The Indians used a research reactor supplied by Canada to produce plutonium for a bomb, and it is possible that the Israelis have used a research reactor supplied by the French for the same purpose. But neither of those countries signed the NPT, and neither reactor has been open to inspection. In this respect, therefore, the Iraqis have complied with all the requests of the international community, and it would seem that they deserve our support.

The iraqi atomic energy effort has had other problems. Husain Al Shahristani , a Shi'ite Muslim educated at London and Toronto, was director of Radio Chemistry Research in Iraq. On Dec. 9, 1979, he and his Canadian wife and family were arrested as traitors. Dr. Shahristani was tried as a traitor in March 1980 and given the death sentence; although later reports say that this was commuted to life imprisonment, no one (not even his wife) has been able to see him.

Dr. Ja'afar Dhia Ja'afar, a theoretical nuclear physicist trained in London, wrote to Prime Minister Saddam Hussain asking that Shahristani be released -- and Ja'afar has not been seen on the streets of Baghdad since January 1980; he is believed to have been arrested in February and there is no information of his fate. Amnesty International has been interceding on behalf of both men, but with no obvious success.

This is not all. Two years ago, there was sabotage at the French factory building the reactor components. In summer 1980, an Iraqi engineer, visiting France in connection with the reactor, was murdered in Paris.

Soon after the outbreak of the Iraq-Iran war in October 1980 there was an attack on the Iraqi nuclear research center by American-built phantom jets. Although it was originally thought the jets came from Iran, a French report claims that they came from the opposite direction and belonged to another country. Fortunately no damage was done to the reactor itself inside the containment vessel.

This story opens up a number of problems in the handling of nuclear materials. To what extent, if at all, do we try to restrict the access of technical information and, more important, technical know-how? And if we restrict nuclear information, why not other military information? Do we provide information freely to countries that have signed the NPT and withhold it from those countries that have not? If so, why do the newspapers write unfavorably about Libya and Iraq, which signed the NPT, whereas France and Israel, which refuse to sign, have our approval?

I draw two tentative conclusions from these thoughts and questions.

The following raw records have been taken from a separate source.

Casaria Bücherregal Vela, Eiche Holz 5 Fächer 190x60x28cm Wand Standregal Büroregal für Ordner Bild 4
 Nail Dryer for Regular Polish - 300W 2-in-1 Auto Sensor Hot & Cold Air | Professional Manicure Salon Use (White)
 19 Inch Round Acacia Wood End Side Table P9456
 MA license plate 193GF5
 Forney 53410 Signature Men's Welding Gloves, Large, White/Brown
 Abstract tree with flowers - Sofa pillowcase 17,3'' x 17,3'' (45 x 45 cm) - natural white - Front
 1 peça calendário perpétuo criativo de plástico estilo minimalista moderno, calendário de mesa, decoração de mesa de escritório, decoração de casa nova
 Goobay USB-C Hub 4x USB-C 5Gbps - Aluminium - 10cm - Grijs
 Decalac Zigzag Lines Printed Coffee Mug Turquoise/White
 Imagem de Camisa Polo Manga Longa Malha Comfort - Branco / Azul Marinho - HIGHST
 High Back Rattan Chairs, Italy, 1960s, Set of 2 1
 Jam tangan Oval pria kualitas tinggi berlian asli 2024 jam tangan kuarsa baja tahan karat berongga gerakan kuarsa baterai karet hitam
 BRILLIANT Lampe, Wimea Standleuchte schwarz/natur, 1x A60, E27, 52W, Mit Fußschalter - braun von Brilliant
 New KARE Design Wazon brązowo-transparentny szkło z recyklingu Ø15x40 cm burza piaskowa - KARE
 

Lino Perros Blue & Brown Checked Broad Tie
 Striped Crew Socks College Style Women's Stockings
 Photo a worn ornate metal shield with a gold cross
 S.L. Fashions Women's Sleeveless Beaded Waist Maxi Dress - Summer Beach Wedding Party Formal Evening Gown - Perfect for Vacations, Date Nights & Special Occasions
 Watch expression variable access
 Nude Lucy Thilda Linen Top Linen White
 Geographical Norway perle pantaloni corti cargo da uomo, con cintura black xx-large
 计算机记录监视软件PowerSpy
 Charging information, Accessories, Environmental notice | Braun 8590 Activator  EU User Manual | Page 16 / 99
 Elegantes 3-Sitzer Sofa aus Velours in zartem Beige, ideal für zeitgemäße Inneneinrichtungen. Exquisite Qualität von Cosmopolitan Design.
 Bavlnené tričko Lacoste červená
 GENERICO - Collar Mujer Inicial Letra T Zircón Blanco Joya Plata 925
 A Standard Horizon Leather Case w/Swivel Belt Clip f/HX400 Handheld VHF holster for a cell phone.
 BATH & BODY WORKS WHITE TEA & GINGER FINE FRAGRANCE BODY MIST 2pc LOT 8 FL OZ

The problems of proliferation of nuclear weapons may be more important than, but cannot be considered separately from, other military and foreign policy problems. Seccondly, technical distinctions are of great importance for preventing nuclear proliferation, and it is critically important that all people setting foreign policy understand these distinctions. Unfortunately, as I read our newspapers over the past year, not one could be relied upon for technical accuracy, and some contacts that I have had with foreign service officers leave me discouraged.I suggest a major problem of education and understanding.